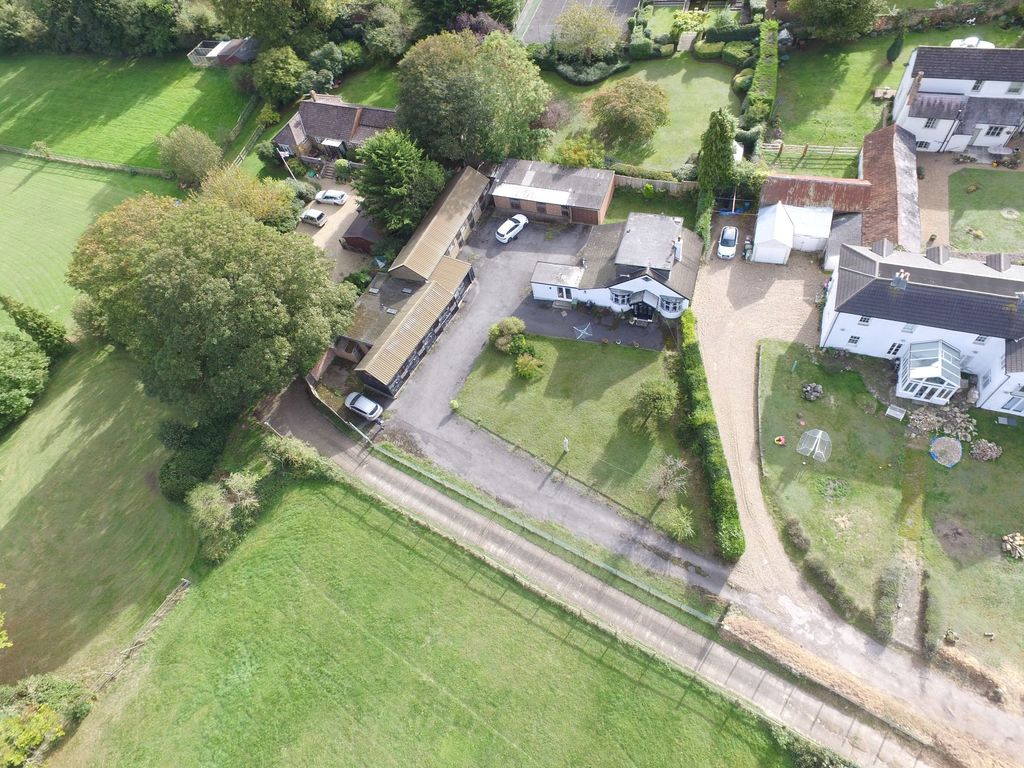 3 bed cottage for sale in Burgh Heath Road, Epsom KT17, £900,000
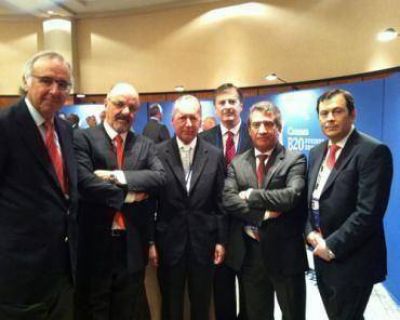 Urribarri particip� en un foro de empresarios en Cannes
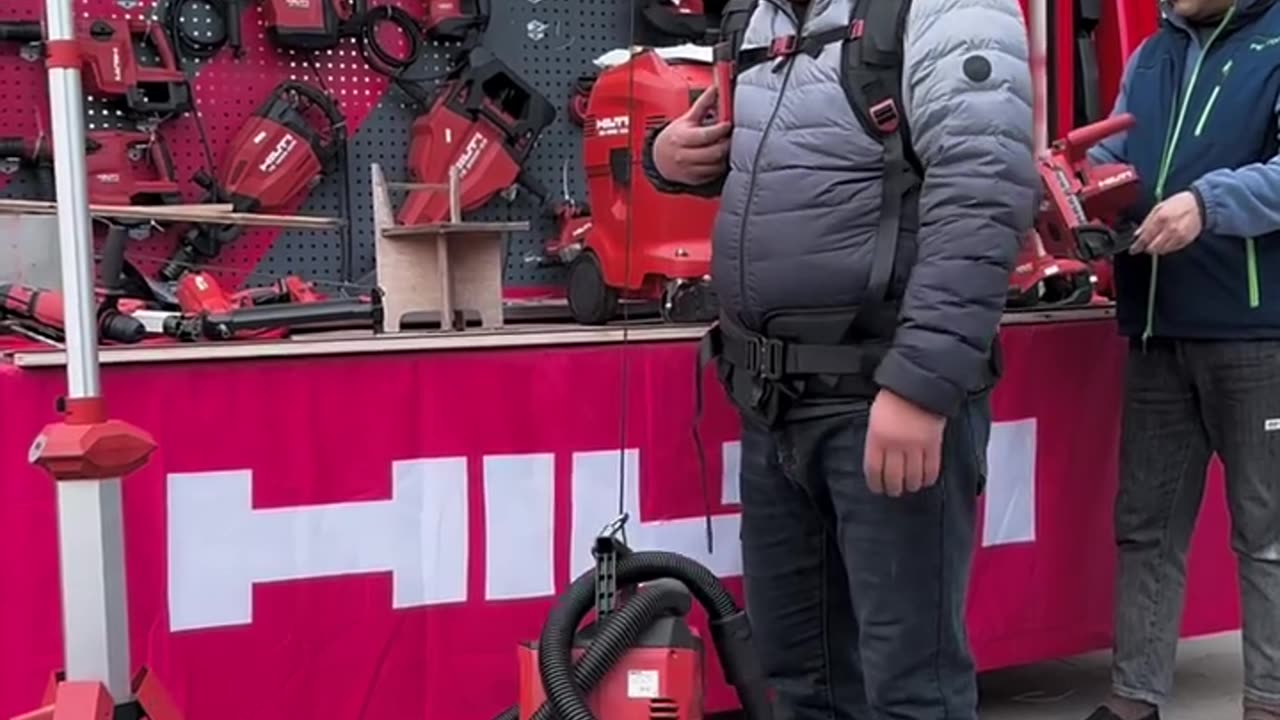 "🚧 Amazing Wearable Lifting Machine for Heavy Loads! 💪🏗️"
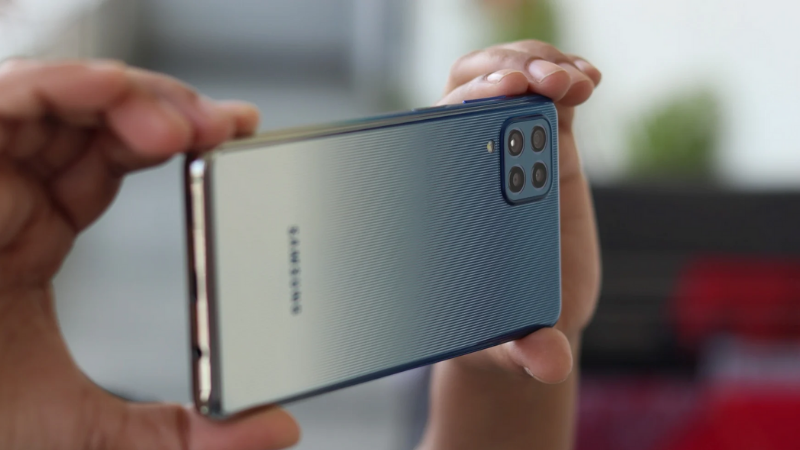 Mình cảm thấy khá ấn tượng với cách phối màu và họa tiết trên mặt lưng của Galaxy F62. (Nguồn: Sammobile). Mình cảm thấy khá ấn tượng với cách phối màu và họa tiết trên mặt lưng của Galaxy F62. (Nguồn: Sammobile).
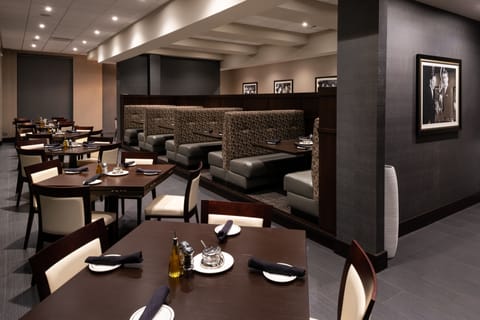 Daily buffet breakfast (USD 14 per person)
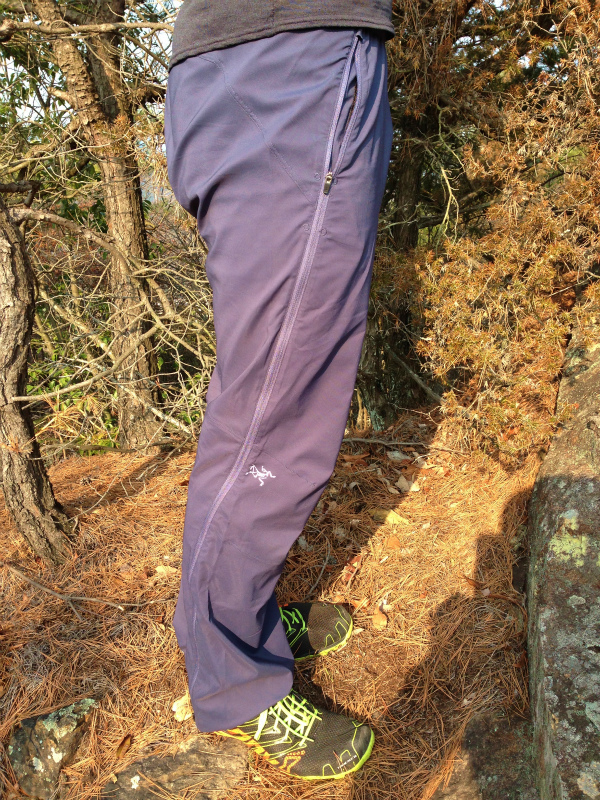 秋冬低山ハイキングやジョグからランニングに最適な薄手ロングパンツ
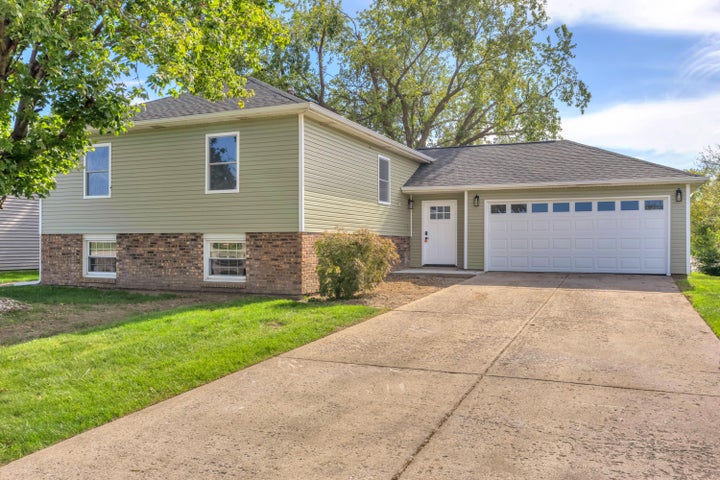Photo 1 of 23 — 1717 W 98th Place, Crown Point, IN 46307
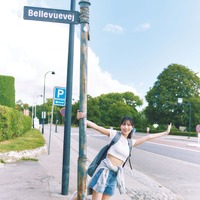 【通常版】日向坂46・河田陽菜2nd写真集『テイクオフ』撮影／SAKAI DE JUN（C）竹書房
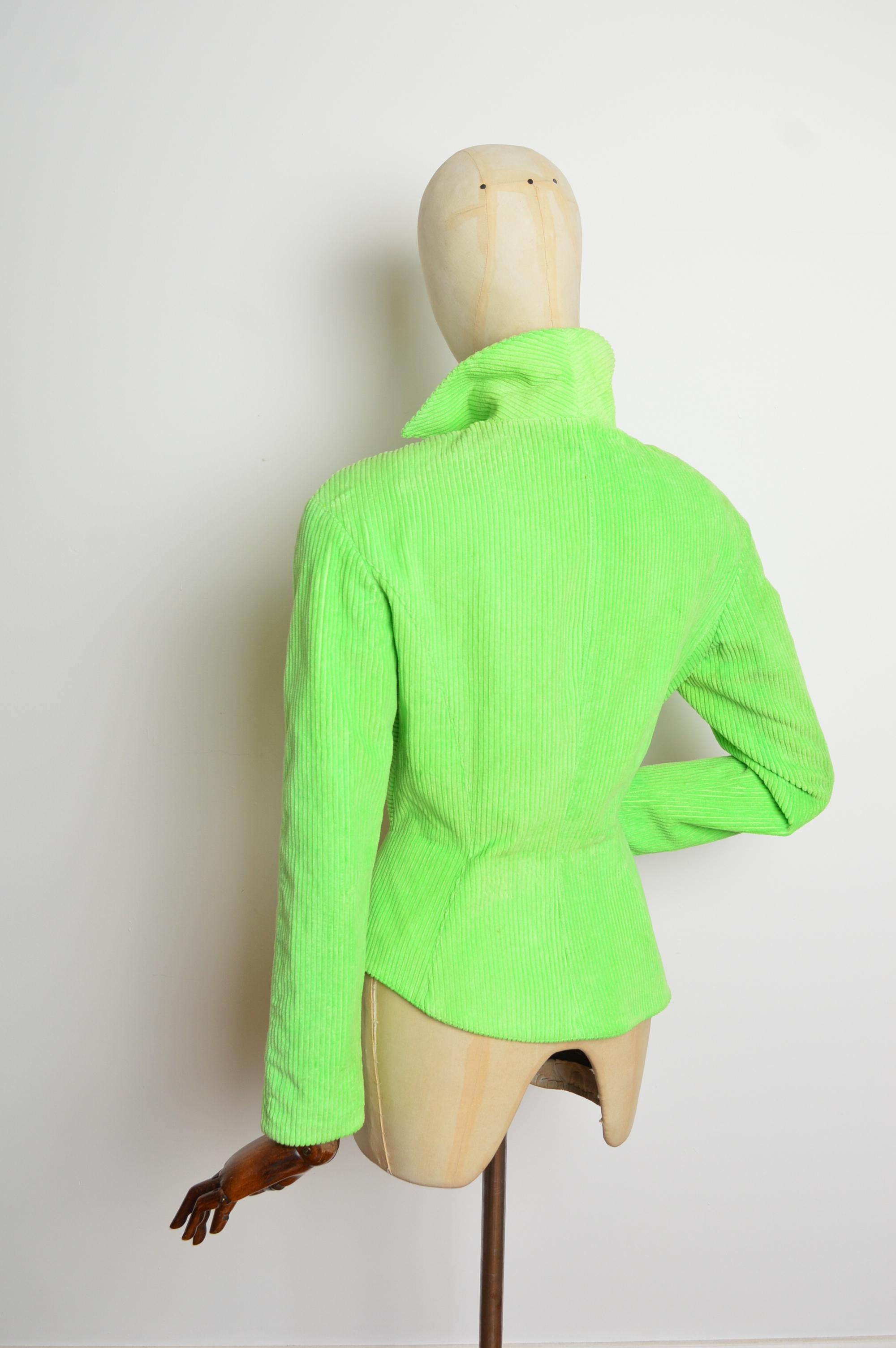 1980s THIERRY MUGLER Wasp Waist Neon Green Corduroy fitted Blazer Biker Jacket en venta 8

..............................

* Instructions for the task:
Write out all of the records above. Keep them exact and leave out the pictures.

* Answer to this problem:
 3 bed cottage for sale in Burgh Heath Road, Epsom KT17, £900,000
 Urribarri particip� en un foro de empresarios en Cannes
 "🚧 Amazing Wearable Lifting Machine for Heavy Loads! 💪🏗️"
 Mình cảm thấy khá ấn tượng với cách phối màu và họa tiết trên mặt lưng của Galaxy F62. (Nguồn: Sammobile). Mình cảm thấy khá ấn tượng với cách phối màu và họa tiết trên mặt lưng của Galaxy F62. (Nguồn: Sammobile).
 Daily buffet breakfast (USD 14 per person)
 秋冬低山ハイキングやジョグからランニングに最適な薄手ロングパンツ
Photo 1 of 23 — 1717 W 98th Place, Crown Point, IN 46307
 【通常版】日向坂46・河田陽菜2nd写真集『テイクオフ』撮影／SAKAI DE JUN（C）竹書房
 1980s THIERRY MUGLER Wasp Waist Neon Green Corduroy fitted Blazer Biker Jacket en venta 8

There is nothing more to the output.